Just got a Savage 30 30 for hunting. I was so excited to see a savage for sale. Real good price too. I cant wait to go sight it in.


----------



## mosquitomountainman (Jan 25, 2010)

Bolt action or pump? Either one is a fine rifle. I've owned three of the model 340's and every one was a tack driver. Get some extra magazines for faster reloads if you use it for self-defense.


----------



## RevWC (Mar 28, 2011)

Nice Round and a good gun!


----------



## catsraven (Jan 25, 2010)

I plan on getting more magazines for it. It is bolt action. I just need to get some practice on it. Shoots real good. Going to start tomorrow.


----------



## GreyWolfAlpha (Aug 21, 2011)

*Rear Sight Model 340*

Hey Guys,

Need a little help. I have a model 340 that I inherited from my Father. The old sight was the Dockendorf that had the wheel to adjust for elevation. That sight broke long ago and my Father had it replaced with the leaf type.

Does anyone know where to find this type of sight? I would love to restore it.

My Father bought this rifle while in the Army stationed in West Germany for $90 at the post exchange and yes this was years ago. In the Sixties I believe.

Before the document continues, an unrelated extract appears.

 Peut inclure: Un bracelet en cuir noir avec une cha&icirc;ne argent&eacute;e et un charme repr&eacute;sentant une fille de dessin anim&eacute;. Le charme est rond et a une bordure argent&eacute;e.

If you need a pic of the sight I attach it if need be.

I'm going to take it hunting for the first time in years. I think it would make my Father smile.

Thanks for any help. I have looked for a few years and most of the gunsmiths in my are don't know what I'm talking about.


----------



## SnakeDoc (Nov 10, 2009)

Lyman should make a similar peep type sight for that rifle.


----------